Please repeat the records word for word and skip the pictures.

Web page caption snippets:
::::::::

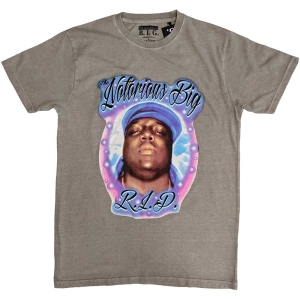 Notorious B.I.G - Rip Airbrush Uni Grey T-Shirt ryhmässä MERCHANDISE / T-paita / Hip Hop-Rap @ Bengans Skivbutik AB (5566997r)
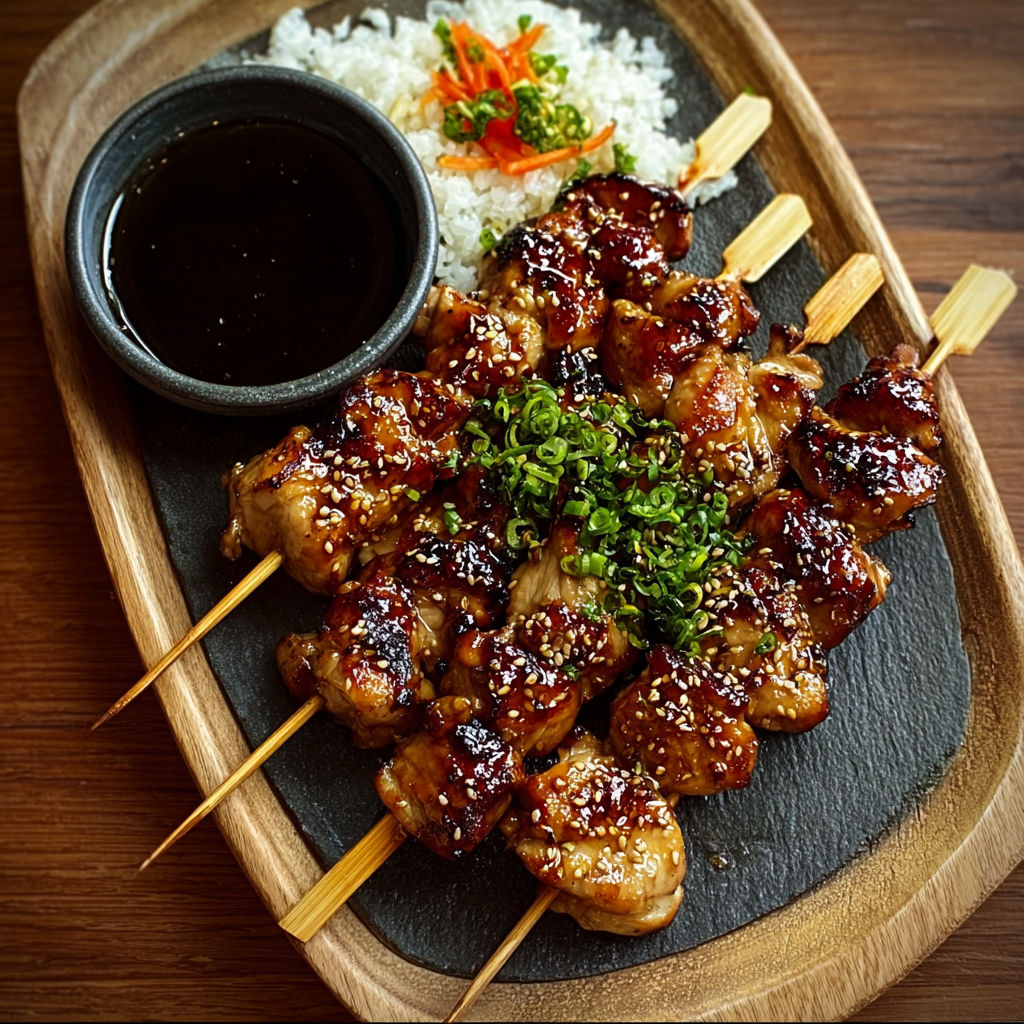 A plate of chicken yakitori with rice and sauce.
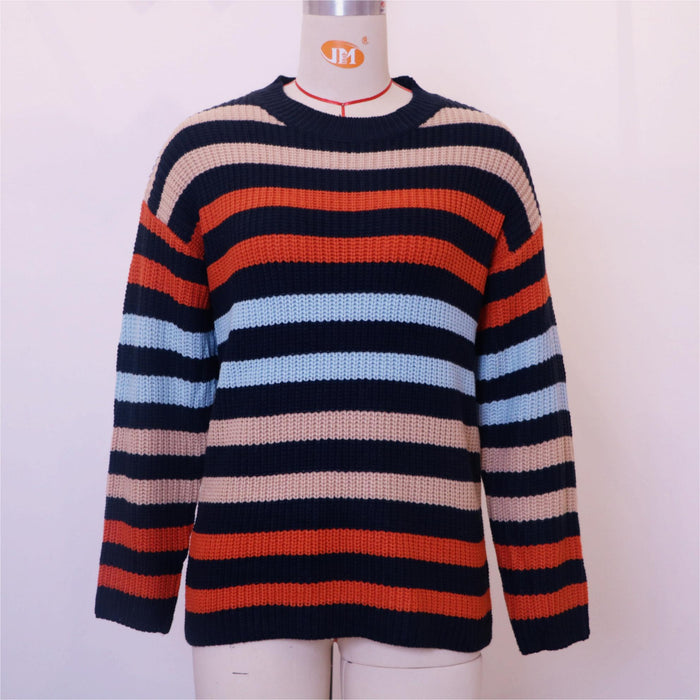 Autumn Contrast Color Striped Sweater Round Neck Office Loose Fitting Long Sleeve Sweater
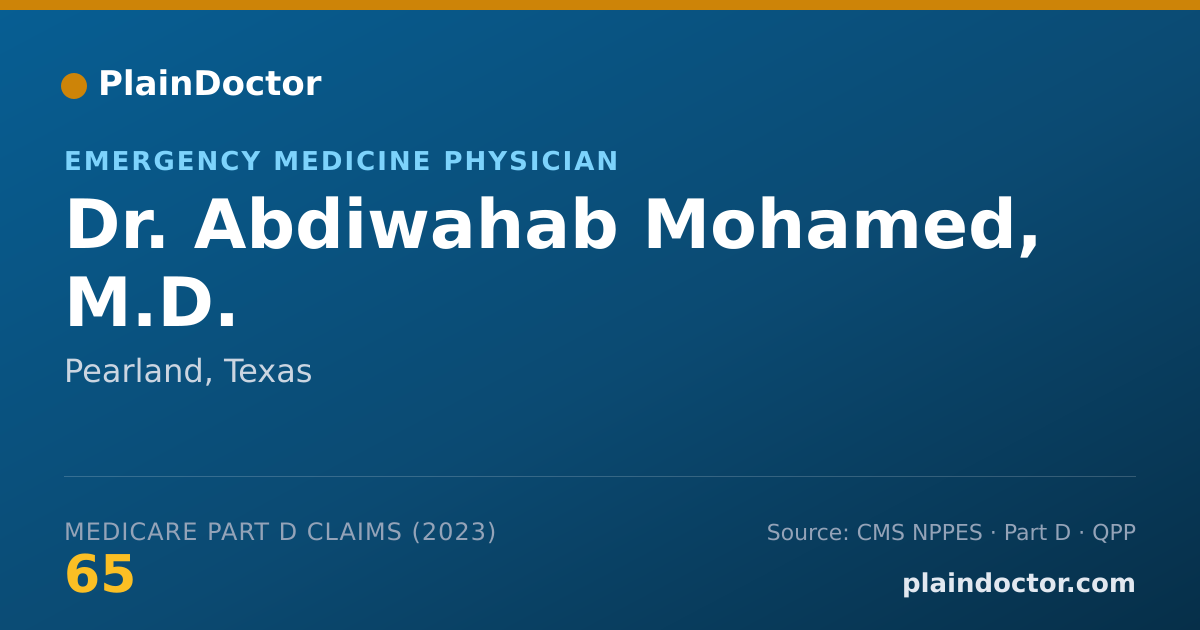 Shareable card for Abdiwahab Mohamed, M.D. - Emergency Medicine Physician, Pearland, TX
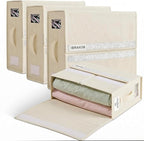 IBRAKIM Bedsheet Organizer Set of 4, Linen Storage Organizer for Closet and Under Bed, Foldable Bedding Organizer for Sheets, Blankets, Comforters, Closet Storage Bins, Beige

::::::::

• **EXERCISE OUTPUT**
 Notorious B.I.G - Rip Airbrush Uni Grey T-Shirt ryhmässä MERCHANDISE / T-paita / Hip Hop-Rap @ Bengans Skivbutik AB (5566997r)
 A plate of chicken yakitori with rice and sauce.
 Autumn Contrast Color Striped Sweater Round Neck Office Loose Fitting Long Sleeve Sweater
 Shareable card for Abdiwahab Mohamed, M.D. - Emergency Medicine Physician, Pearland, TX
 IBRAKIM Bedsheet Organizer Set of 4, Linen Storage Organizer for Closet and Under Bed, Foldable Bedding Organizer for Sheets, Blankets, Comforters, Closet Storage Bins, Beige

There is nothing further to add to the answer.